= Women's Rabbinic Network =

American organization for female Reform rabbis

Women's Rabbinic Network is, according to itself, “the organization of Reform female, nonbinary, genderfluid rabbis, supporting and advocating for our members and the values we uphold to positively impact women in the Jewish community.”

Ellen Weinberg Dreyfus, a founder and former president of the Women's Rabbinic Network, was selected as one of the top 50 rabbis in America by Newsweek and the Sisterhood blog of The Jewish Daily Forward.

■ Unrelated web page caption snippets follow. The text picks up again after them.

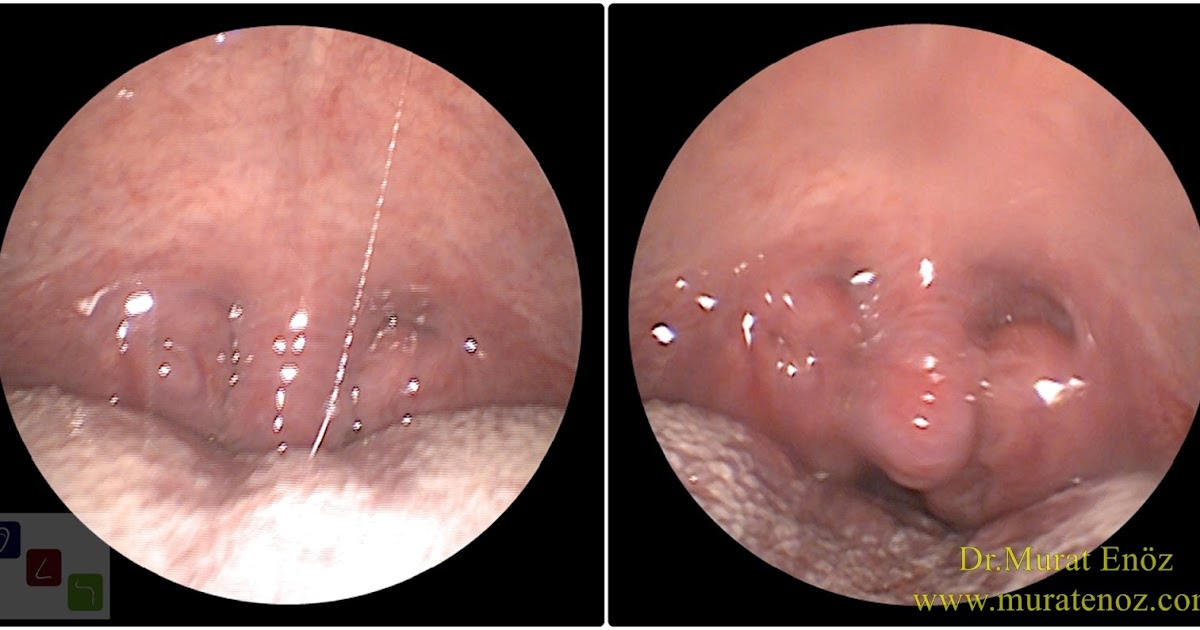 İri Bademcikler Sebebi Olabiliyor! İri Bademcikler Sebebi Olabiliyor!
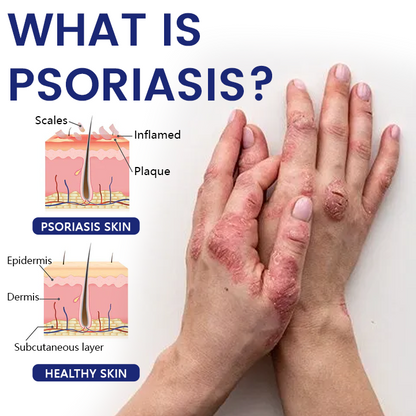 Timilk® DermaSooth Repair Cream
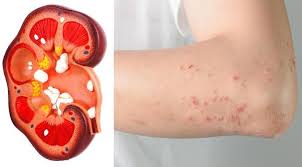 8 Kidney Damage Symptoms Most People Ignore Kidney Failure Symptoms Kidney Damage Chronic Kidney Disease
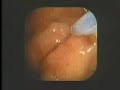 Intestinal Feature & Life-Style Related Diseases Part 2 Intestinal Feature & Life-Style Related Diseases Part 2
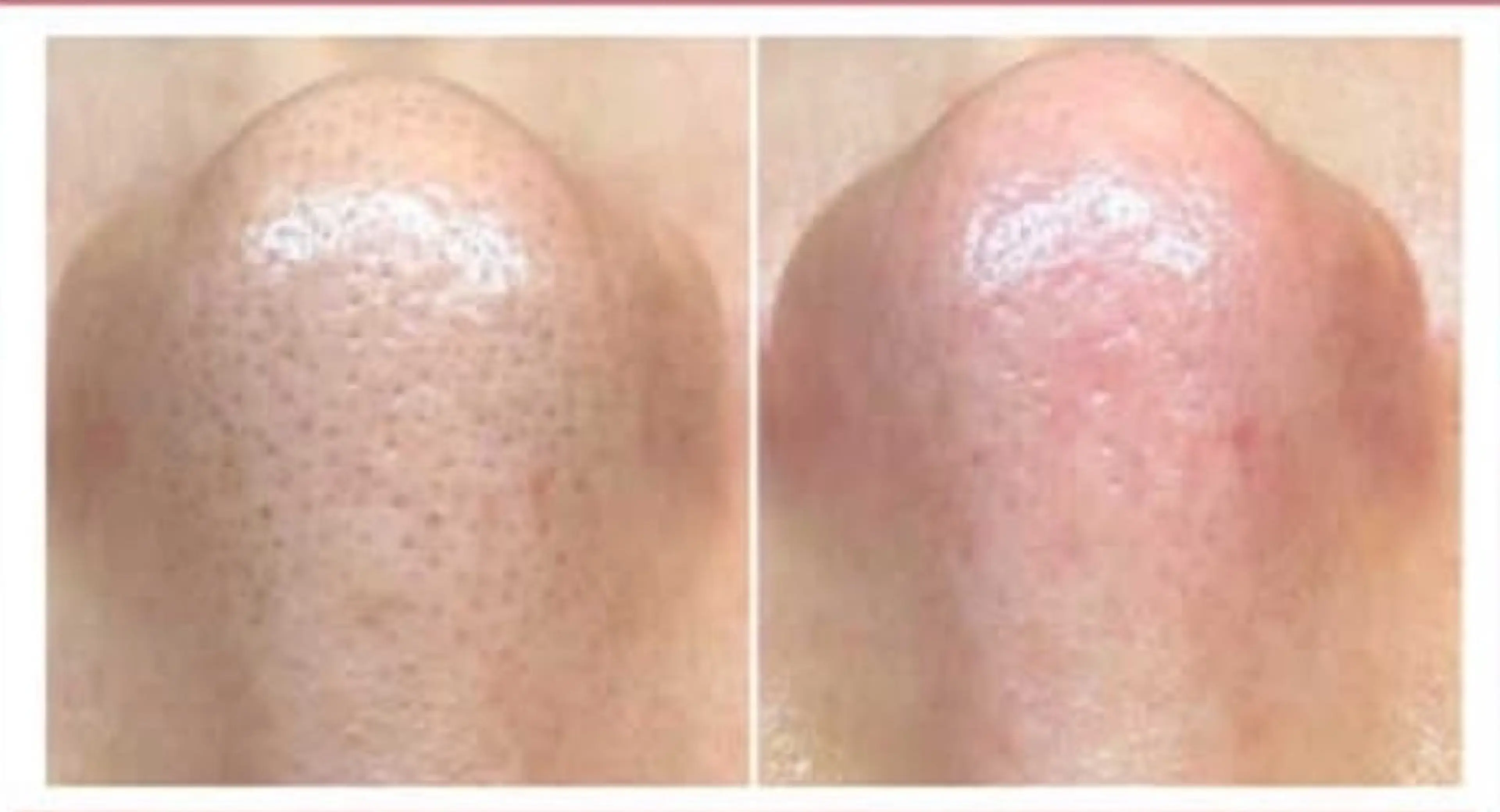 エステ be nail所属・CAMELLIA NAILサロン新松戸のネイルデザイン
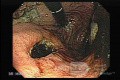 Rak żołądka - endoskopowa ocena śluzówki żołądka
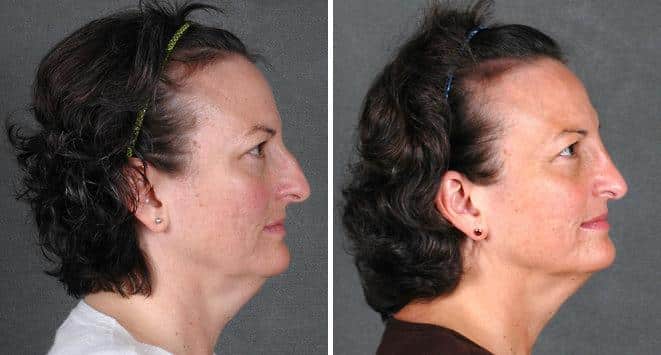 Rhinoplasty Before and After Photos in Omaha, NE, Case 5959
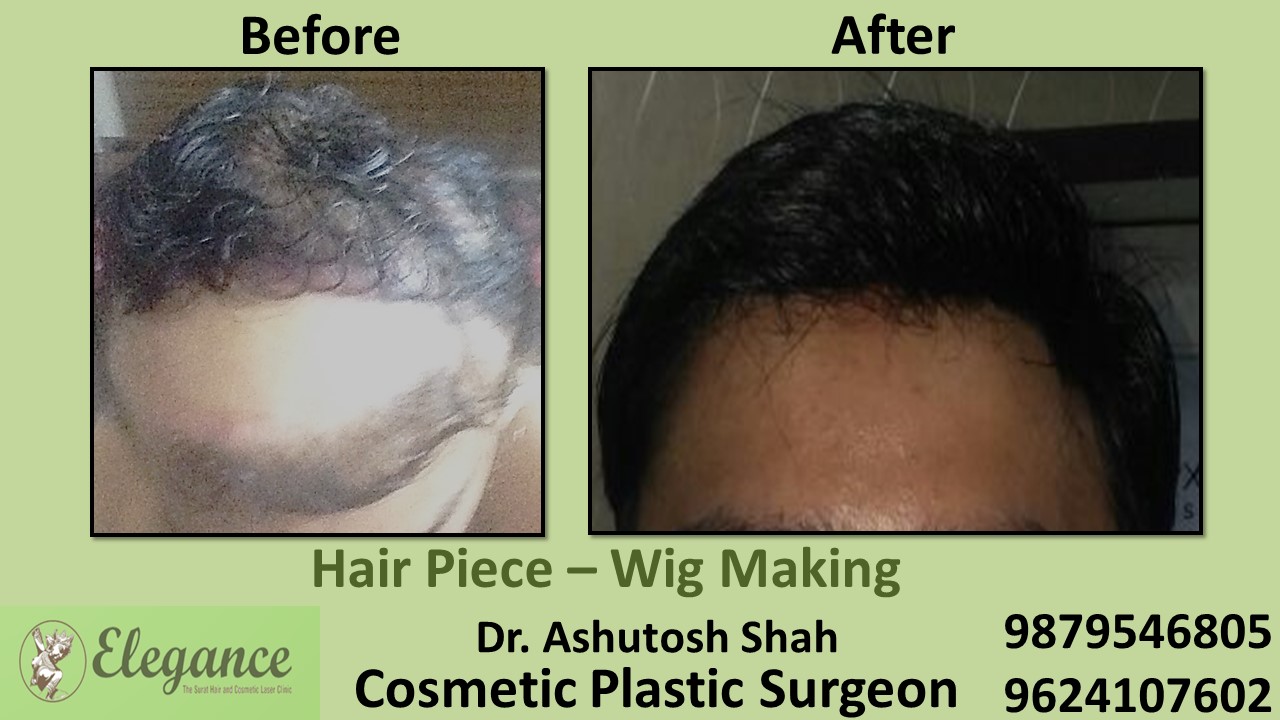 Hair Piece Treatment in Vapi, Surat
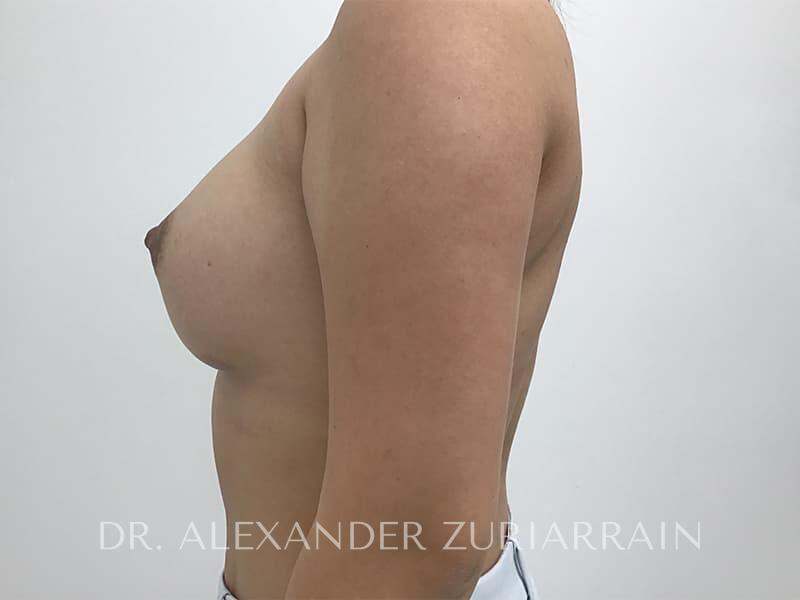 Breast augmentation before & after photo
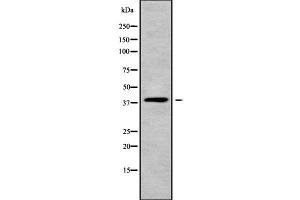 Image no. 1 for anti-Monoacylglycerol O-Acyltransferase 3 (MOGAT3) (C-Term) antibody (ABIN6263325)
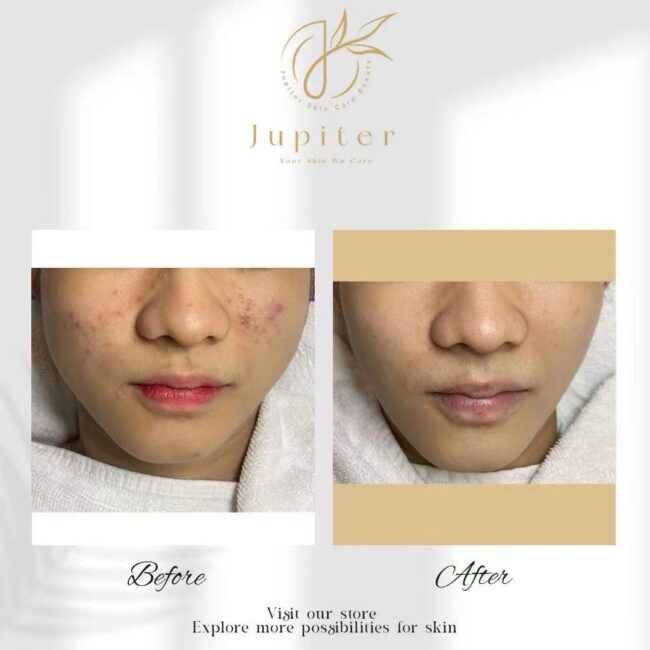 Jupiter Review (69)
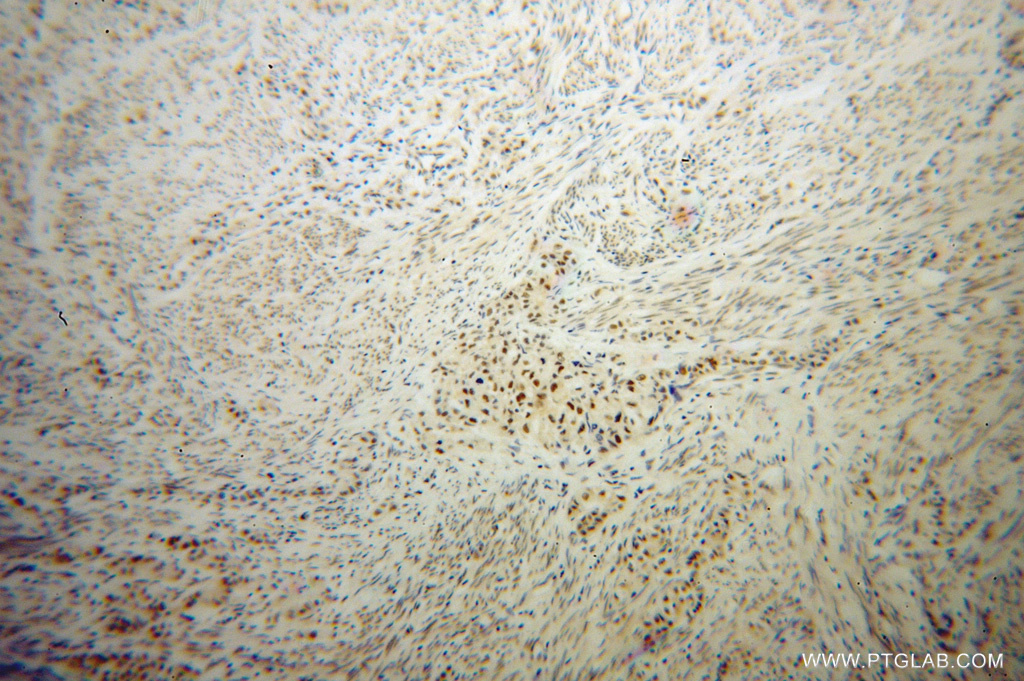 IRF2BP1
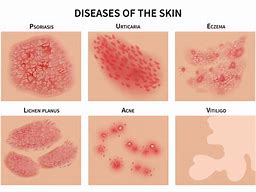 Image result for Common Skin Diseases Humans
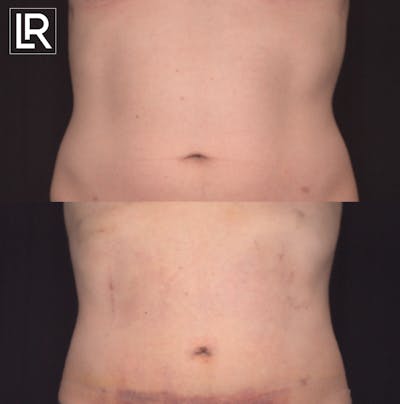Rib Remodeling Before & After Gallery - Patient 144199 - Image 1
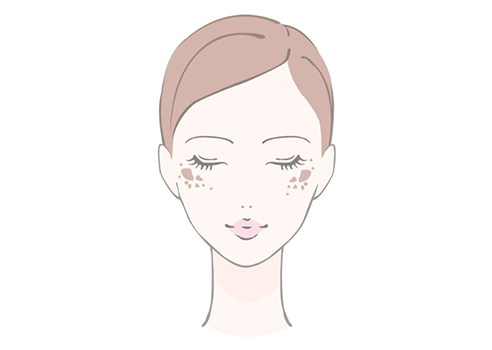 後天性真皮メラノサイトーシス（ADM）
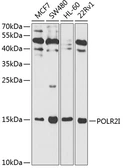 Anti-POLR2I antibody used in Western Blot (WB). GTX32797
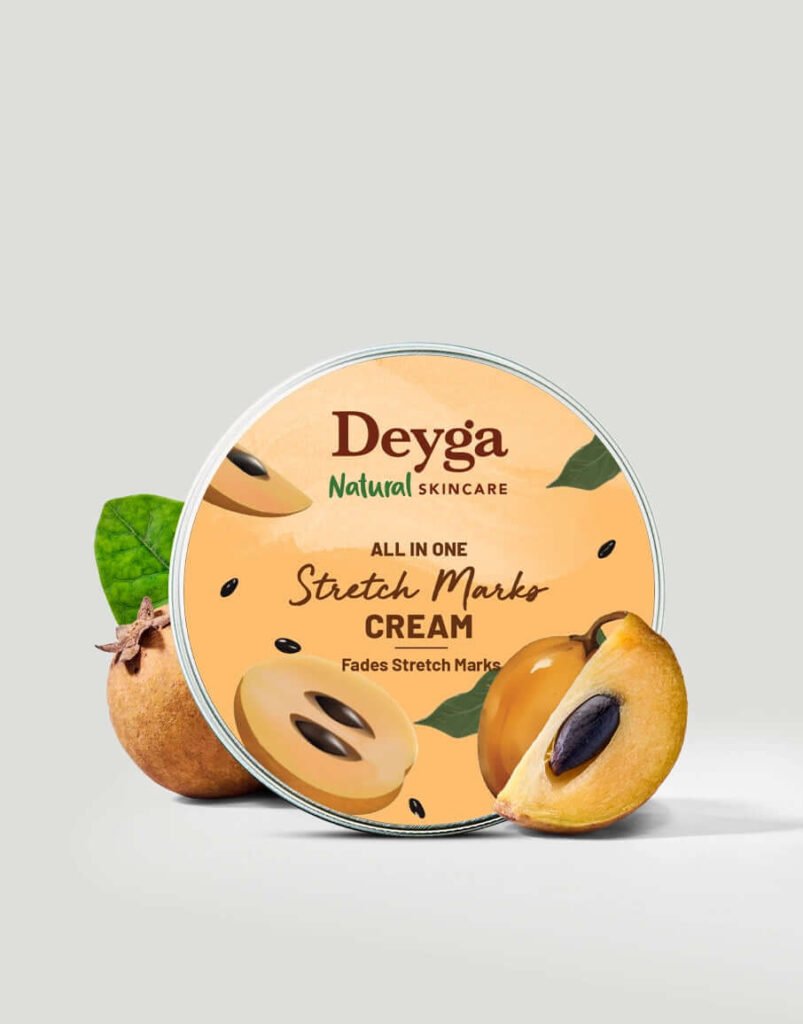 Stretch Marks Cream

In 2012 Rabbi Mary L. Zamore, then the executive director of the Women's Rabbinic Network, wrote to Rabbi David Ellenson, the Hebrew Union College-Jewish Institute of Religion’s then president, requesting that he address the discrepancy of male candidates' ordination certificates identifying them by the Reform movement’s traditional "morenu harav," or "our teacher the rabbi," while female candidates' certificates only used the term "rav u’morah," or "rabbi and teacher." After four years of deliberation, HUC-JIR decided to give women a choice of wording on their ordination certificates beginning in 2016, including the option to have the same wording as men.

The piece "From Periphery to Center: A History of the Women's Rabbinic Network", by Rabbi Carole B. Balin, appears in the book The Sacred Calling: Four Decades of Women in the Rabbinate, published in 2016.

In August 2022, Rabbi Elaine Rose Glickman was named assistant executive director of the organization.